Hi,
I had to setup Slony1 + Linux-HA and I needed to
write my own OCF RA scripts for it. My boss told me
I should send it upstream, so here they are.
"Slony1" is responsible for starting and stopping
slon+slon_watchdog. You should run one instance on
each PostgreSQL nodes, you have to assign the
correct node IDs to the instances, they will check
themselves against _replication_schema.getlocalnodeid().

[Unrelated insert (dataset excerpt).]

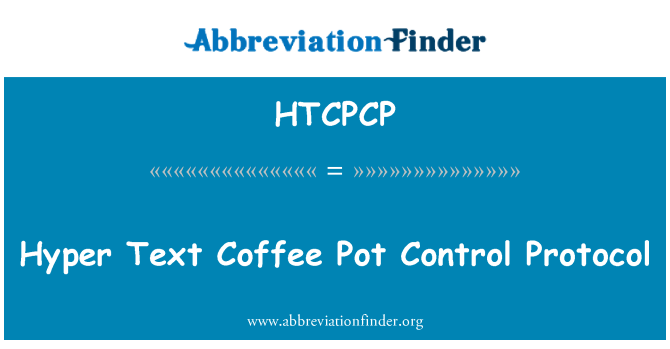 HTCPCP: Hyper tekst kaffekande Control Protocol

"slon_start" needs the node ID, anyway.
Slony1-master is the one that should be started where
the master node is. Easiest to achieve it is to bind to
the master DB's virtual IP.
Instead of custom embedded "slonik" scripts, both scripts
make use of the Slony1 administration scripts. This means
you need to set up your replication with "slonik_build_env"
and modify its output according to the slon_tools.conf
example found in slony1-1.2.x to set up your replication set.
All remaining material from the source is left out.